Que se cache-t-il derrière les portes d'une maison close ? Les murs du Pilar, établissement de plaisirs charnels d'un certain standing à Plymouth, entendent nombre d'aventures dont voici la narration. Tout commence avec le retour du vaisseau « Last Chance » dont l'un des capitaines est immédiatement convoqué pour une mission top secrète. Quand cette intrigue mystérieuse entrera-t-elle en contact avec les prostituées du Pilar ? Nul ne le sait, si ce n'est, évidemment, l'autrice
Teresa Radice. La scénariste italienne parvient à imbriquer les histoires les unes aux autres de façon à ce que le lecteur pense lire une sorte de journal intime en images, une succession d'événements liés de près ou de loin aux demoiselles aux moeurs légères…
C'est ainsi que le maori dénommé Tane, fraîchement débarqué à bord d'un autre trois mats, le Cormoran, cherche à revendre divers objets, des bijoux tribaux notamment, aux filles du Pilar dans l'espoir de récolter assez d'argent pour repartir en Nouvelle-Zélande. Mais au lieu de pièces sonnantes et trébuchantes, il devient le garde-du-corps de ces belles face aux clients parfois trop éméchés et/ou violents. Ce géant tatoué a beau n'avoir qu'un bras, il a une force colossale et un coeur d'or.
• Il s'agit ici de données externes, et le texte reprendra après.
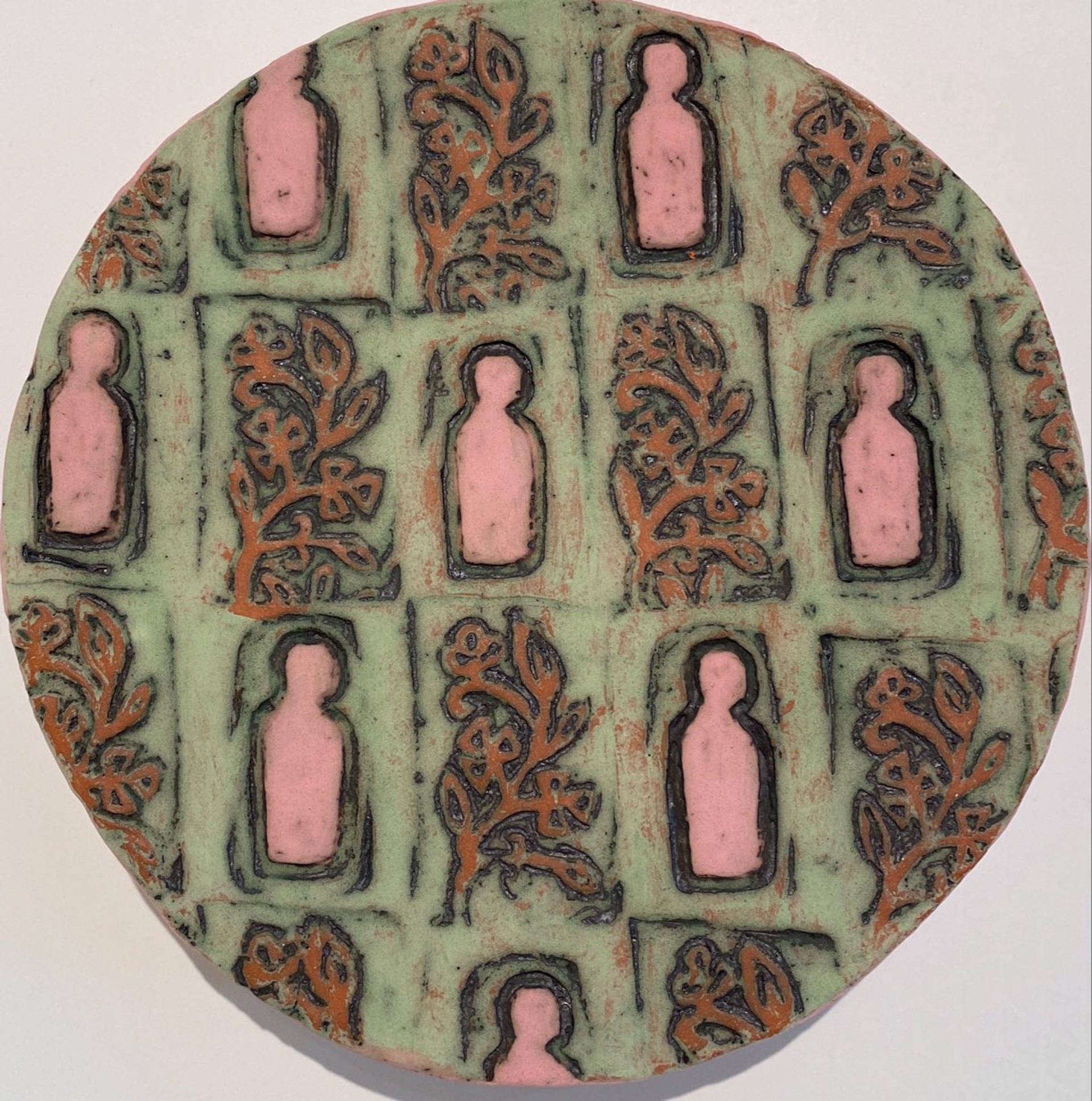 Medium Ceramic Social Circles by Cassie Butcher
Ses histoires sont également attrayantes, quand il narre les recherches d'un scientifique, hélas mort en mer, dans les forêts encore inexplorées de cette île proche de l'Australie.
Autant dire que même en restant entre les murs de la maison close, l'imaginaire voyage. Soit par les récits des clients et de Tane, soit par les sorties de l'une ou l'autre d'entre elles. Notamment à cause, ou grâce à ce professeur dont les travaux étaient toujours à bord du Cormoran et sujet à conflits d'intérêt scientifiques majeurs pouvant rapporter gros. Mais trêve de détails scénaristiques pour s'épancher sur le dessin de l'époux et collègue de notre autrice :
Stefano Turconi. Dans un choix certainement délibéré du format de l'ouvrage et des pages en papier mat, l'impression de journal intime, de carnet de bord persiste ; si ce n'est un tracé net et régulier, on pourrait imaginer le graphiste avec ses crayons, ses peintures, … pour donner vie aux aventures imaginées par son épouse.
«
Les filles des marins perdus » ça pourrait être ça : un recueil savamment mis en relief graphique et scénaristique, un dessin accrocheur, aux visages sympathiques pour les héroïnes pour des aventures tantôt romanesques comme les livres de la bibliothèque de l'ancienne tenancière du bordel, rencontrée dans l'album «
le port des marins perdus » nommés aux Samb'or 2016, tantôt un vécu rocambolesque et romantique comme le veut l'époque où les faits se déroulent. Pour un peu, on pourrait imaginer le Péquod, baleinier dans Moby Dick amarré comme les autres près du port, attendant de lever l'ancre… Tane a d'ailleurs tout du géant amérindien du classique de la littérature.
Un récit attrayant, aux personnages attachants et aux aventures encore à venir pour la belle June et les protagonistes mis petit à petit en place dans ce premier tome.